Impaired Concentration, Cognition, and Mood

Ironically, the ketogenic diet’s efficacy in the realm of desirable cognitive improvements not only fails but produces a contrasting effect. Diets that are low in carbohydrates and high in fat, especially trans fat and saturated fat, adversely affect cognition (Parrott, & Greenwood, 2007). In rats, the ketogenic diet has demonstrated deleterious effects in learning and memory (Murray et al., 2009; Winocur & Greenwood, 2005). Translating these experimental methods over to humans, researchers found similar results. Cognitive tests showed impaired attention, mood, reaction time, and a deterioration of cognitive functions that require higher order mental processing and flexibility in healthy humans (Brinkworth et al., 2009; Holloway et al., 2011; Edwards, Murray, Holloway, Carter, Kemp, Codreanu, & Clarke, 2011; Wing, Vazquez, & Ryan, 1995). If improved cognition is the objective, researchers advise that a diet with less fat, saturated fat and cholesterol, and more carbohydrates, fiber, vitamins (especially folate, vitamins C and E, and beta-carotene), and minerals (iron and zinc) should be followed not only to improve general health but to also improve cognitive function (Ortega, Requejo, Andrés, López-Sobaler, Quintas, Redondo, & Rivas, 1997).

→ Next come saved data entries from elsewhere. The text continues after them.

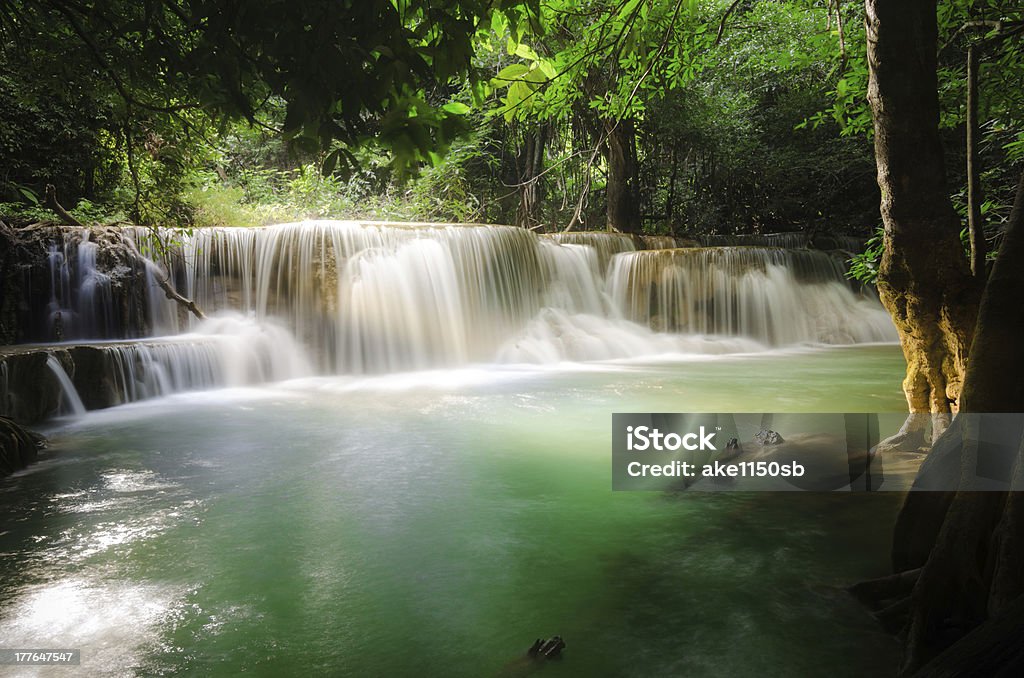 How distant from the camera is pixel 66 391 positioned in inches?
313

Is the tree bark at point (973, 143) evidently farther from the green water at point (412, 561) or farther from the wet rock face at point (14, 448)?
the wet rock face at point (14, 448)

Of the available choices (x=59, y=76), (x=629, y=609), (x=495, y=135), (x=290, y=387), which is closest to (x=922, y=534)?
(x=629, y=609)

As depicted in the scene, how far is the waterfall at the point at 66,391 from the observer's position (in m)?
7.83

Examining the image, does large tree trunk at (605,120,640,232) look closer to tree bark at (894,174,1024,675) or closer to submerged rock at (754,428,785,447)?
submerged rock at (754,428,785,447)

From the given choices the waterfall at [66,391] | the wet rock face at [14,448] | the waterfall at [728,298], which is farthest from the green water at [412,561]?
the waterfall at [728,298]

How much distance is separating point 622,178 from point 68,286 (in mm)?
14080

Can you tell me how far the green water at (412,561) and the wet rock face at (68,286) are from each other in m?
4.34

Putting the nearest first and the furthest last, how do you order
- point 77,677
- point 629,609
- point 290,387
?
point 77,677 → point 629,609 → point 290,387

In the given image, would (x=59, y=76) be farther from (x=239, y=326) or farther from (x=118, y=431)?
(x=239, y=326)

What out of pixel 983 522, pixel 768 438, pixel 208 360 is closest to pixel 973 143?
pixel 983 522

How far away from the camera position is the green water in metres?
2.81

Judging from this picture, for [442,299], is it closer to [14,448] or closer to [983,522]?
[14,448]

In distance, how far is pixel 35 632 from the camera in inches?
118

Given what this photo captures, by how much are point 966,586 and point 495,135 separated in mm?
19707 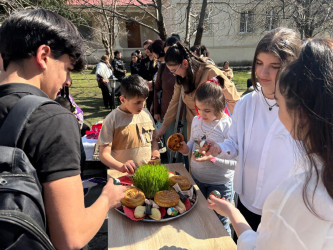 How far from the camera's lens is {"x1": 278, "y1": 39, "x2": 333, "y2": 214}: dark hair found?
698 millimetres

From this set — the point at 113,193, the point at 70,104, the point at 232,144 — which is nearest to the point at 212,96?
the point at 232,144

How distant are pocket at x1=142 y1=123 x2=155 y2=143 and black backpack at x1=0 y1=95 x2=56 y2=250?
4.86ft

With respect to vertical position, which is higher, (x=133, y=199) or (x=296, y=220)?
(x=296, y=220)

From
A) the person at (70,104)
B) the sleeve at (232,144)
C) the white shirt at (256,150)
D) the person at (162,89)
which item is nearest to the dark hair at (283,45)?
the white shirt at (256,150)

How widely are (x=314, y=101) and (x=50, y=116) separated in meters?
0.79

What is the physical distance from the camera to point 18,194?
67 centimetres

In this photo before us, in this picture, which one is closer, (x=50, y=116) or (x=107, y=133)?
(x=50, y=116)

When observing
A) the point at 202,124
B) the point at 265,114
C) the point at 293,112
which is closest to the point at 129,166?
the point at 202,124

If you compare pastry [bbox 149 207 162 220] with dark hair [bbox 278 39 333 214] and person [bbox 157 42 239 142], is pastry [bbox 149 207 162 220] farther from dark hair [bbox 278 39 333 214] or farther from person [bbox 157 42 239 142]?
person [bbox 157 42 239 142]

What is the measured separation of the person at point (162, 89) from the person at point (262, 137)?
1.67 meters

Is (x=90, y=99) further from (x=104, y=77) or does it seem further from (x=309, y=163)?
(x=309, y=163)

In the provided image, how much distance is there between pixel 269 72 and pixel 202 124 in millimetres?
810

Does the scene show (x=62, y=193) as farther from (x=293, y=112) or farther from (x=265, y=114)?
(x=265, y=114)

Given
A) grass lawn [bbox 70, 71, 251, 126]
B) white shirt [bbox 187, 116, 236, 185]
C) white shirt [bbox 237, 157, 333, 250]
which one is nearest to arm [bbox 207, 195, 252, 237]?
white shirt [bbox 237, 157, 333, 250]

Nutrient Deficiency and Disordered Mineral Metabolism

It’s important to note that there is not a single diet that can be prescribed to eliminate the risk of nutritional deficiencies. All diets that lack a variety of foods can lead to an inadequate intake of essential vitamins and minerals. Regardless of the person or particular diet, it is advisable to receive annual screenings to thwart any deficiencies that may arise from the ingestion of routine foods. With that said, the following are nutritional deficiencies that seem to emerge the most in the ketogenic diet: thiamine (Hoyt & Billson, 1979), vitamin D and calcium (Kang et al., 2004), selenium (Bergqvist, Chee, Lutchka, Rychik, & Stallings, 2003), and vitamin C (Willmott & Bryan, 2008).

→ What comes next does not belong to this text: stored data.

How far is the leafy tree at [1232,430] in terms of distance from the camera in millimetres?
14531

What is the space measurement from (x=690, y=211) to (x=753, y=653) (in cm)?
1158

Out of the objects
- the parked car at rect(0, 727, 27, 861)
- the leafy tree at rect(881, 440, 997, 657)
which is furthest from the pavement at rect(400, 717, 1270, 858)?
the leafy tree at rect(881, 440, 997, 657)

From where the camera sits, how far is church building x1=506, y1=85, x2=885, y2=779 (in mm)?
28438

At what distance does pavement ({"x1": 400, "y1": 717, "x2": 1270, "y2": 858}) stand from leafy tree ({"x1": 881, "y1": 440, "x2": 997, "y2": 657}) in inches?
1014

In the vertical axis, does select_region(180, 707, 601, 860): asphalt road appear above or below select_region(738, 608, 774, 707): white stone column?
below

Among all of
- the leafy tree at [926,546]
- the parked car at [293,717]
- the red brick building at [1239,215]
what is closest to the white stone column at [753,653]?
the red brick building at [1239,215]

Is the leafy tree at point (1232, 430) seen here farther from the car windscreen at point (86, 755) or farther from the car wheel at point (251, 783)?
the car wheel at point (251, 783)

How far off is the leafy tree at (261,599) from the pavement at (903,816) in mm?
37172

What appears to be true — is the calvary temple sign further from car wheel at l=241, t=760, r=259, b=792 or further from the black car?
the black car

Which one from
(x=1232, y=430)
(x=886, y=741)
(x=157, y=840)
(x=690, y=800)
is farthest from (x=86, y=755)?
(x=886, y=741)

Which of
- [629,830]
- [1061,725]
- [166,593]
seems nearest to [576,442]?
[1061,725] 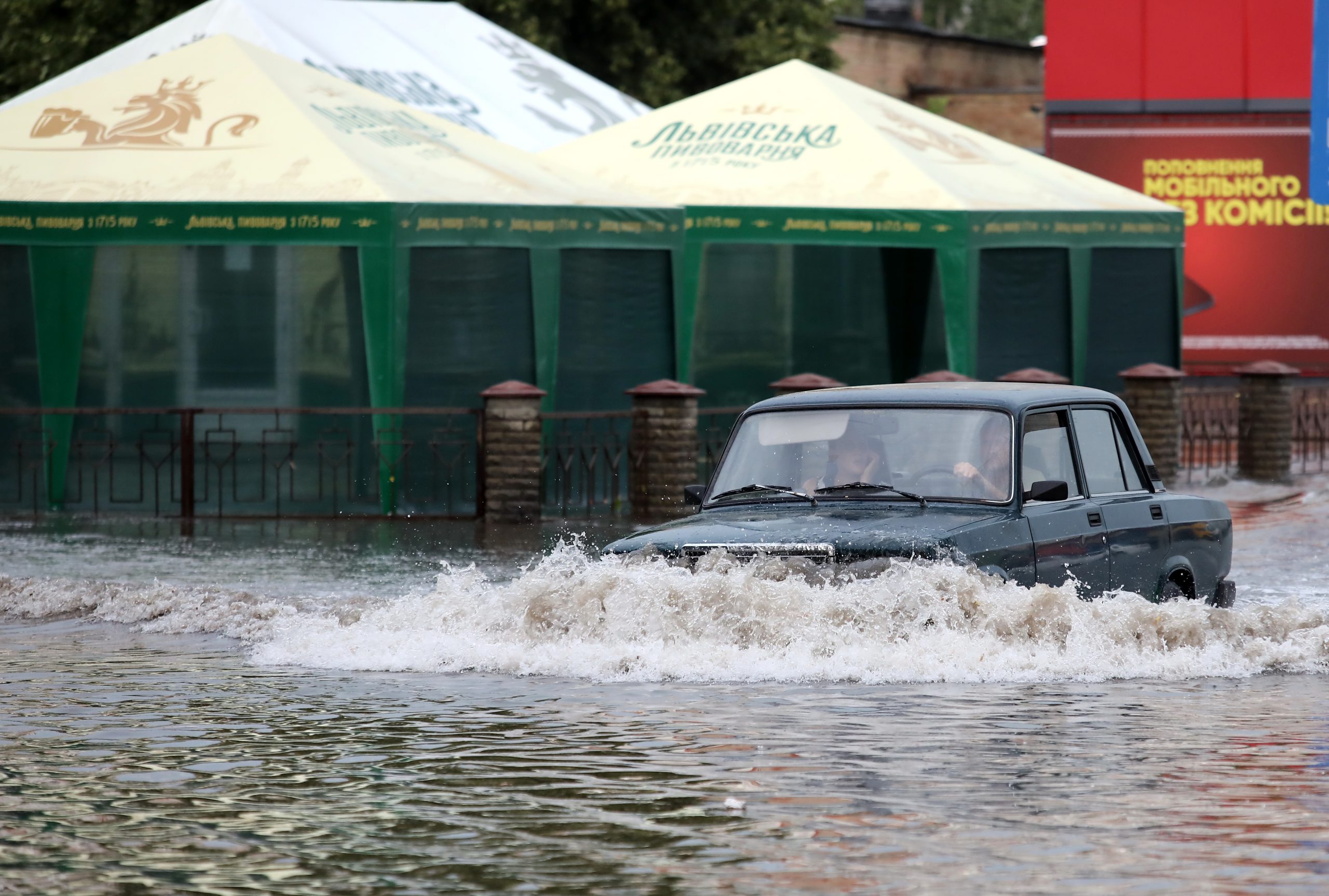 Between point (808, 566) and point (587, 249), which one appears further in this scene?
point (587, 249)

Osteopenia and Osteoporosis

Bone complications are another concern that ketogenic dieters may want to make note of. Demineralization of bones occurred in a number of studies surrounding epileptic patients (Bergqvist, Schall, Stallings, & Zemel, 2008; Freeman, Veggiotti, Lanzi, Tagliabue, & Perucca, 2006; Kang et al., 2004). One study even found that osteopenia could be found in patients after the first 4 weeks of implementing the ketogenic diet. Additional doses of calcium and vitamin D can prevent the progression of osteopenia and osteoporosis while on the ketogenic diet (Kang et al., 2004).


Disturbances in Heart Health

Being the leading cause of death in the United States, extra emphasis should be placed on reducing the number of risk factors associated with heart disease. While some may believe that dietary cholesterol and saturated fat do not elevate levels of cholesterol in the body, the fact of the matter is that this is just simply not true (Clarke, Frost, Collins, Appleby, & Peto, 1997; Sacks, Donner, Castelli, Gronemeyer, Pletka, Margolius, & Kass, 1981). The mechanisms by which high cholesterol causes and furthers the development of heart disease have been well documented (American Heart Association, 2016; CDC, 2015; National Institute of Health, 2017).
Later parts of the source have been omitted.